What Community Engagement Misses About Immigrant Belonging
There is a conversation about immigration, leadership, and belonging that I rarely hear happening in public spaces.
Especially not in the nuanced, human way many of us actually experience it.
We often speak about access.
About opportunities.
About representation.
About diversity.
About inclusion.
But much less often do we speak about what happens inside the body once someone finally enters the room.
Because access does not automatically create belonging.
A person can receive the opportunity and still feel internally unsafe to fully exist inside it.
They can receive the promotion and still fear visibility.
Receive the scholarship and still feel undeserving.
Build the career and still unconsciously adapt themselves in order to preserve connection, safety, approval, or love.
And I think many institutions underestimate how deeply nervous system conditioning shapes the way historically marginalized communities engage with leadership, relationships, visibility, and opportunity.

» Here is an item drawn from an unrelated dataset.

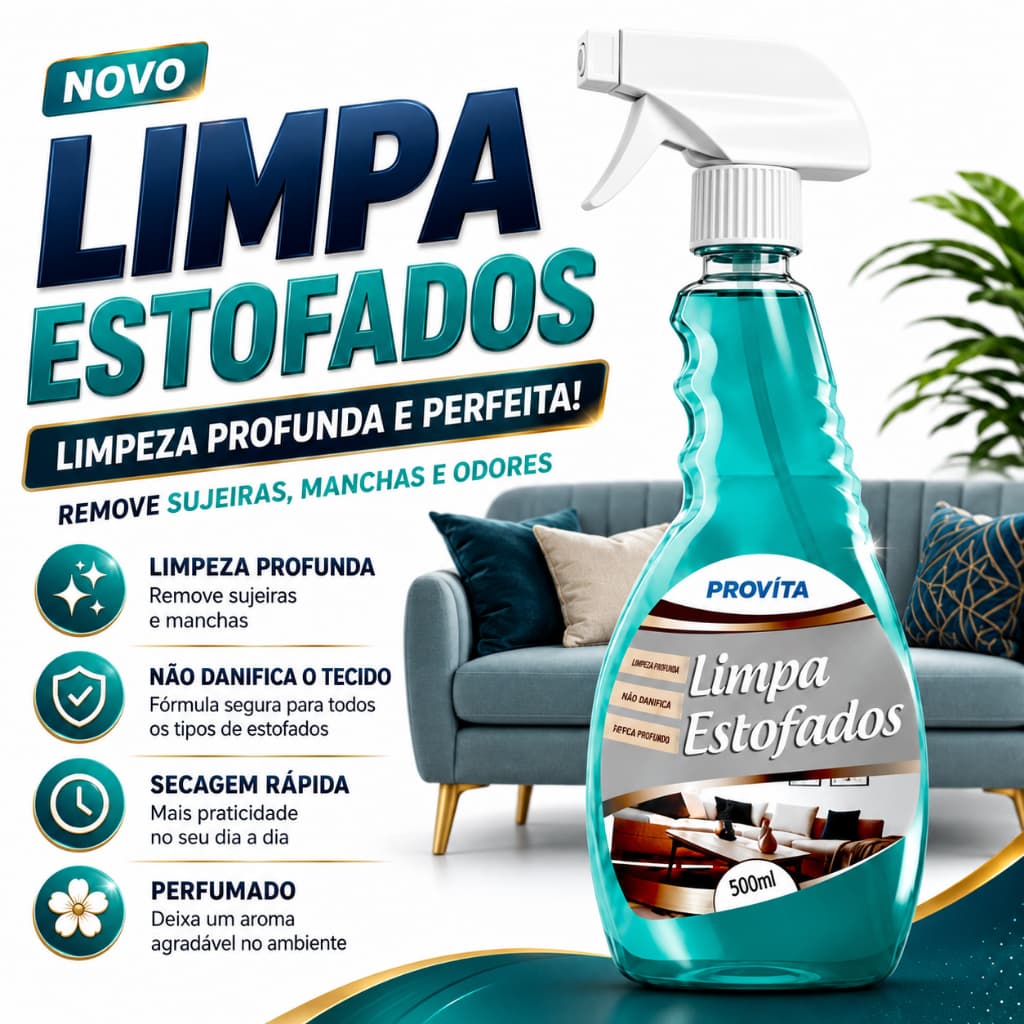 Kit 1 2 3 Limpa Estofados À Seco 500ml Spray  Espuma Premium Perfumado Sofá Banco Poltrona Limpeza Profunda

In cities like New York, where immigrant communities shape the social, cultural, and economic fabric of everyday life, these conversations become even more important.
This reflection became even clearer for me recently while observing subtle patterns inside my own life.
Not professionally.
Professionally, I’ve spent years walking into rooms that neither myself nor my ancestors were ever expected to enter.

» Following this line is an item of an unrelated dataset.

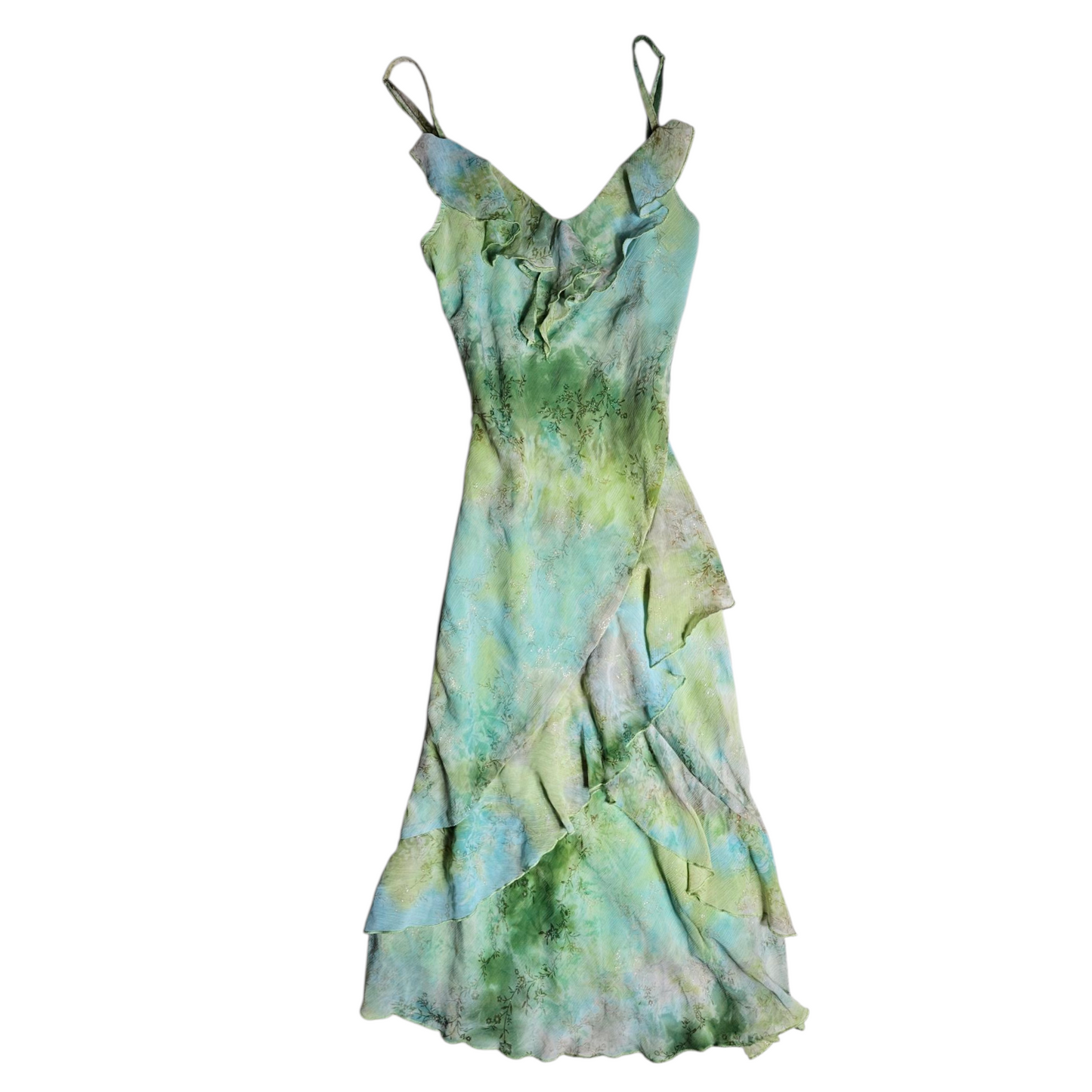 Robe en voile tie and Dye bleu et vert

As a Latina woman from Peru working in corporate and government spaces, I learned early how to navigate systems that were not originally built with people like me in mind.
I learned how to perform at high levels.
How to lead.
How to speak publicly.
How to think strategically.
How to hold authority in rooms where very few women — and even fewer immigrant women — were present.
Migration expanded that even more.
Today, I can facilitate conversations with executives, founders, government leaders, wellness communities, creatives, and entrepreneurs without feeling intimidated by authority.
But intimacy revealed another layer.
A much subtler one.
A tendency to bend.
To accommodate.
To slowly make myself smaller in order to preserve connection.
And I think many women will understand exactly what I mean.
Not shrinking in obvious ways.
Not becoming voiceless overnight.
But adapting ourselves little by little:
emotionally,
energetically,
relationally.
Over-understanding.
Over-accommodating.
Minimizing our needs.
Feeling grateful simply to be included.
Making ourselves emotionally flexible so love, stability, or belonging does not leave.
I first became deeply aware of this during my marriage before my divorce.
I loved my former partner deeply, and because I loved him, I kept adapting myself to his rhythms, his preferences, his personality, his way of moving through life.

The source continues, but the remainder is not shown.